I. By section 132 of the Code, the notice of Us pendens is, from the time it is filed, notice to an incumbrancer or purchaser of the property affected by it. By the amendment of 1851, “ the time of filing the complaint” is substituted for “ the commencement of the action,” as the period from which the Us pendens is to be filed with effect.
II. The case of the Farmers’ Loan & Trust Co. a. Dickson (9 Abbotts’ Pr., 61; S. C., 17 How. Pr., 477), stands alone in the anomalous construction put upon this section. It overlooks and disregards the plain provision that the Us pendens “from the time of filing shall be notice.” The Code makes the Us pendens notice from the same moment as to all the world, but the decision would bring it into operation at as many different times as there are separate defendants.
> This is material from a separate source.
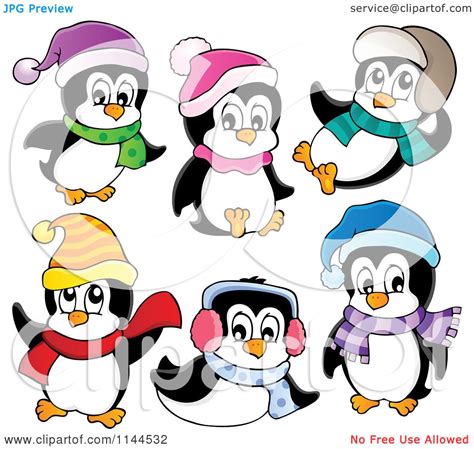 Cartoon Of Cute Little Penguins Wearing Scarves Winter Hats And Ear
The whole object of the provision of the Code was to establish as to all parties and to all the world a uniform time' at which the property should be considered as in the hands of the court, and no longer liable to be-affected by the acts, of any persons, but subject solely to the action of the court. The names of the parties are specially required to be inserted in the notice of Us pendens, and such an insertion and their introduction into the complaint does for all the purposes of this section make them parties. 1
III. If the notice of Us pendens is to have effect not from the time it and the complaint are filed, as the Code prescribes, but only from the service of the summons upon all the defendants, then an effectual foreclosure against unwilling or treacherous defendants is impossible. The Legislature meant only to provide a way which would secure the rights of the plaintiff without prejudice to those of innocent purchasers, by making the filing of the Us pendens with the complaint notice to them all, thus affording ample and complete security to everybody.
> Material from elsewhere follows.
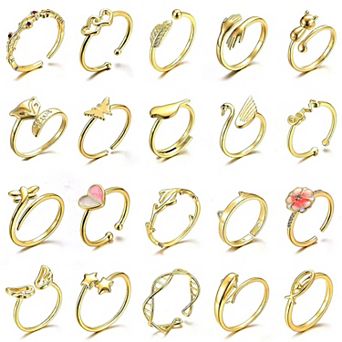 20 pc Adjustable Ring Set for Women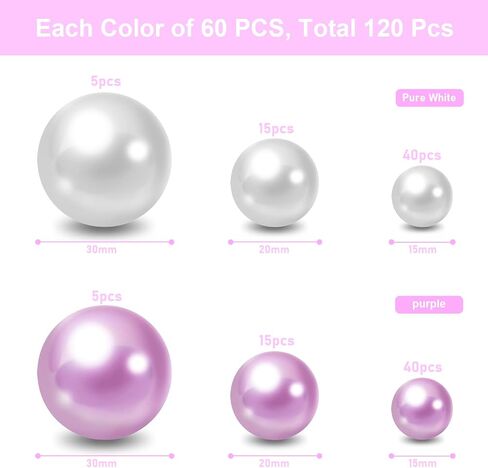 Boyistar 120 قطعة حشو مزهرية عائمة، خرز لؤلؤ بدون فتحة، مقاسات متنوعة، لؤلؤ صناعي مستدير لحشو المزهرية، لؤلؤ لحامل الفرشاة، الحرف اليدوية، لؤلؤ ديكور المنزل (أرجواني + أبيض) in Kuwait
IY. The present case differs from that of the Farmers’ Loan & Trust Co. a. Dickson in an essential particular. There, at the time when the deed was recorded, the action seems not to have been commenced against any defendant, although the notice of Us pendens was filed more than three weeks before. Where the action is thus really commenced by the actual service of summons, the suggestion that a notice that an action is pending cannot have effect when the action is not pending, can have no application.
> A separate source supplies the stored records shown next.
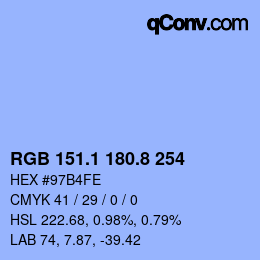 Color code: RGB 151.1 180.8 254 | qconv.com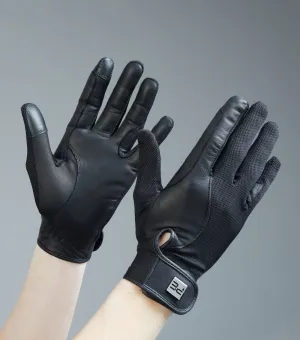 Bordoni Leather Mesh Riding Gloves Black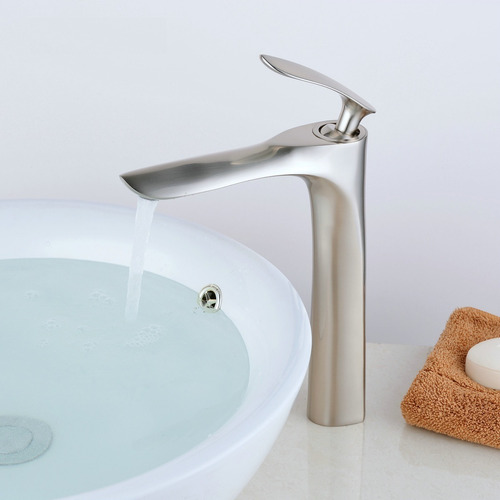 Imagen 2 de 9 de Llave Grifo Monomando Lavabo Ovalin Niquel Satinado Gami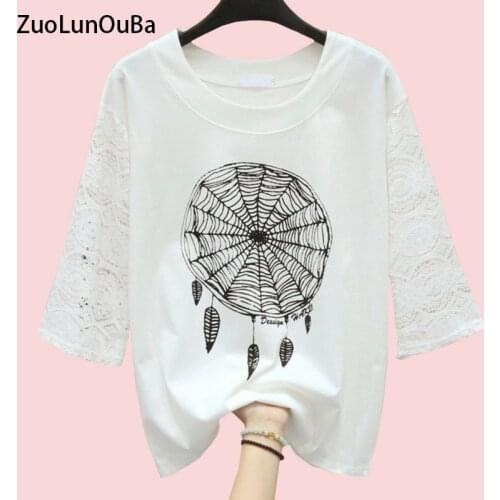 ZuoLunOuBa Summer High Quality Lace Hollow Middle Sleeve Women T Shirt Print Black Feather Dream Catcher Tees Tops Female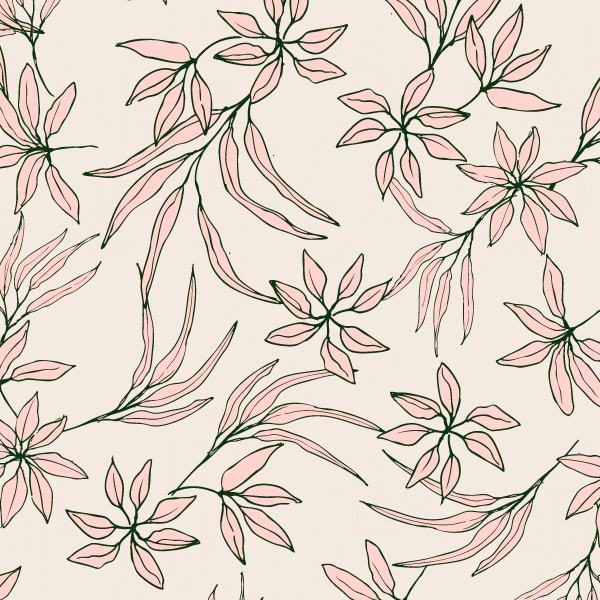 Bio Stoff -   Botanical Leaf Sketch creme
V. The Legislature of 1862 have made an amendment to this section, not altering its language, but simply declaring its meaning. We do not claim any retroactive force for this amendment, but merely that the court should give heed to it as a legislative construction of the section, consistent with its language and with the universal practice established under it. (Laws of 1862, 846, ch. 460.)
Joseph N. Balestier, for the respondent, cited 17 How. Pr., 477.
[MAJORITY — By the Court.—Leonard, J.]
By the Court.—Leonard, J.
J.The court is deemed to have acquired jurisdiction, and to have the control of all subsequent proceedings in a civil action, only from the time of the service of the summons. (Code, § 139.)
Where the service is by publication, the summons is not deemed to be complete until the. expiration of the time prescribed for publication. (Code, § 137.)
Notice of the pendency of an action has no effect until the action is commenced. Notice cannot be given of a fact which does not exist. Hence, although the Code (§ 132) permits such a notice to be filed at the time of filing the complaint, it can only be effectual for the purpose intended from the time it becomes really a notice of the fact that an action has been commenced.
Prior to the service of summons, the court have acquired no jurisdiction, and have no control over any proceedings in the action, except in cases where there has been a voluntary appearance.
For these reasons the grantee of land is not charged with constructive notice of the commencement of an action.of foreclosure, although a Us pendens has been filed,, unless the summons has been served on his grantor before the conveyance of the land.
This embarrassment in foreclosure cases has been cured by an act of the Legislature since this action was commenced, but it has no retroactive effect to cure the difficulty here.
The order must be affirmed, with $10 costs of appeal.
Ingraham, P. J., and Bernard, J., concurred.